= DiY networking =

DIY networking is an umbrella term for different types of grassroots networking, such as wireless community network, mesh network, ad-hoc network, stressing on the possibility that Wireless technology offers to create "offline" or "off-the-cloud" local area networks (LAN), which can operate outside the Internet. Do it yourself (DiY) networking is based on such Wireless LAN networks that are created organically through the interconnection of nodes owned and deployed by individuals or small organizations. Even when the Internet is easily accessible, such DiY networks form an alternative, autonomous option for communication and services, which (1) ensures that all connected devices are in de facto physical proximity, (2) offers opportunities and novel capabilities for creative combinations of virtual and physical contact, (3) enables free, anonymous and easy access, without the need for pre-installed applications or any credentials, and (4) can create feelings of ownership and independence, and lead to the appropriation of the hybrid space in the long-run.

DiY networks follow the Do-It-Yourself subculture, and provide the technological means for more participatory processes, benefiting from the grassroots engagement of citizens in the design of hybrid, digital and physical, space through novel forms of social networking, crowdsourcing, and citizen science. However, for these possibilities to be realized there are many practical, social, political, and economic challenges that need to be addressed.

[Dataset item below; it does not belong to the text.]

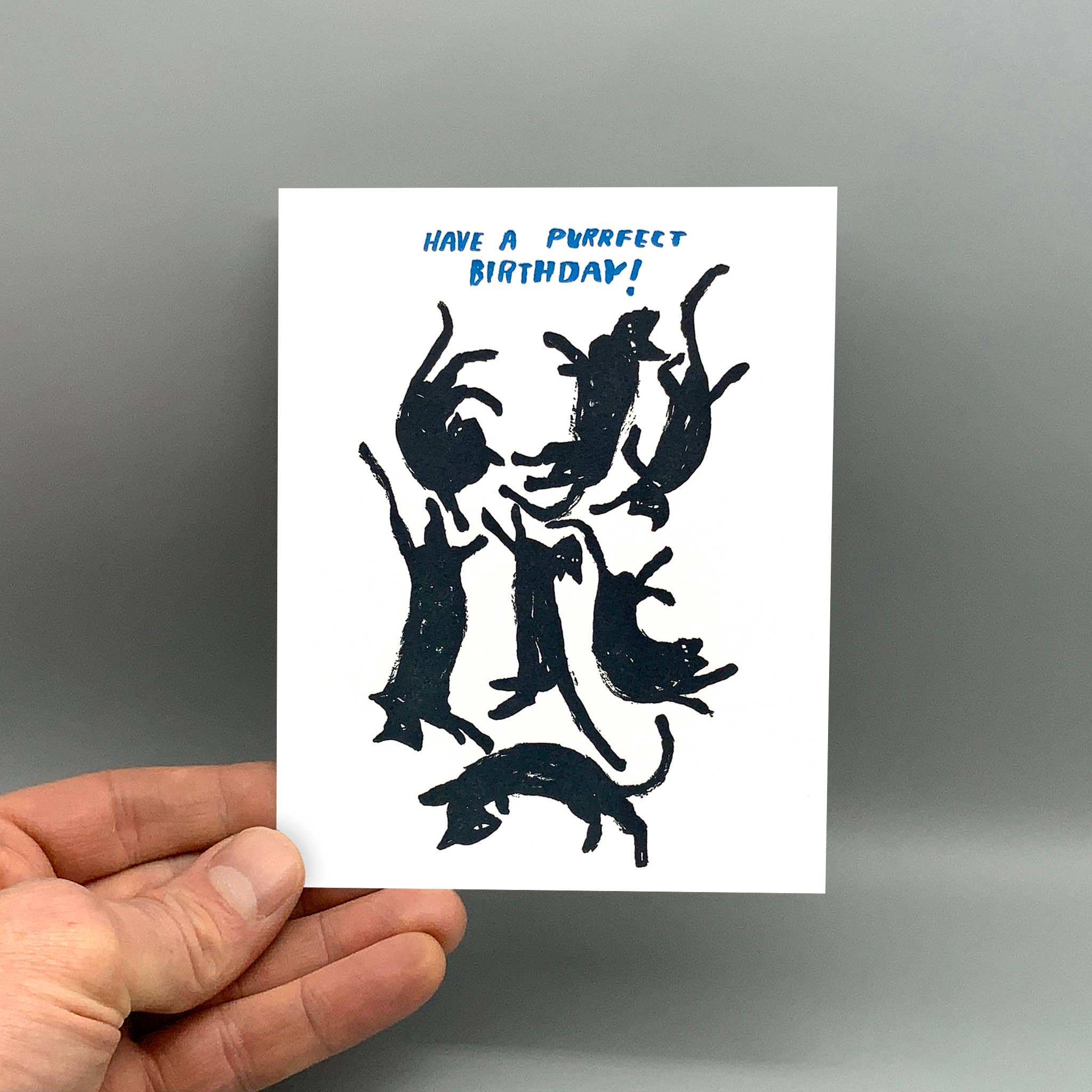 Purrfect Birthday greeting card with black cat silhouettes and festive text, held in a hand.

Although DiY could be also used for illegal purposes, the DiY concept has become more and more popular in the mainstream academic literature, activism, art, popular media, and everyday practice, and especially in the case of communications networks there are more and more related scientific papers, books, and online articles. There is a large potential for new, novel, and free locality-aware services and opportunities that demand anonymous and easy access, such as Online Social Networking (OSN) via DiY-Based Sites. Single-board computers such as Arduino, or Raspberry Pi, are commonly used for DiY networking purposes, since such computers are open-source, relatively cheap, have low power demands, support multiple protocols, and are portable.

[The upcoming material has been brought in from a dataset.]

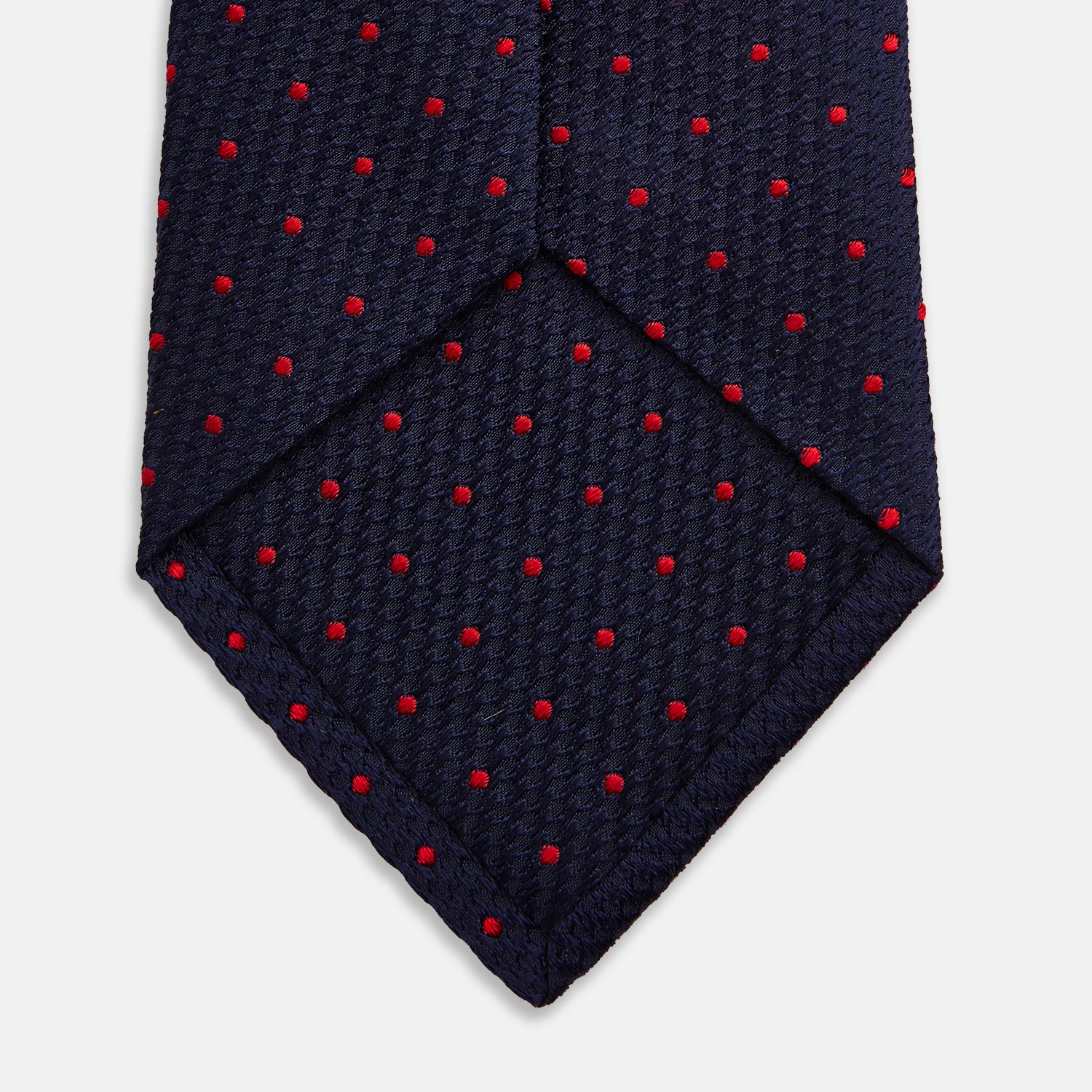 View 4 of product The Turnbull & Asser LACE ON TONE SPOT NAVY TULIP RED TIE is a classic men's accessory crafted from textured navy fabric with small red polka dots, neatly rolled with the pointed end facing forward.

In 2016, the EU Horizon2020 research funding framework, and more specifically CAPS (Collective Awareness Platforms for Sustainability and social innovation) has funded two 3-year projects on DIY networking: 1) project MAZI, "A DIY networking toolkit for location-based collective awareness", focusing on small-scale networks and aiming to provide tools and interdisciplinary knowledge for individual or small groups to create their own off-the-cloud networks, and 2) project netCommons, "Network Infrastructure as Commons", focusing on existing large-scale community networks like Guifi.net, Freifunk, Ninux and combining research from different disciplines in close collaboration with key actors to address important economic, social, and political challenges that these networks face today.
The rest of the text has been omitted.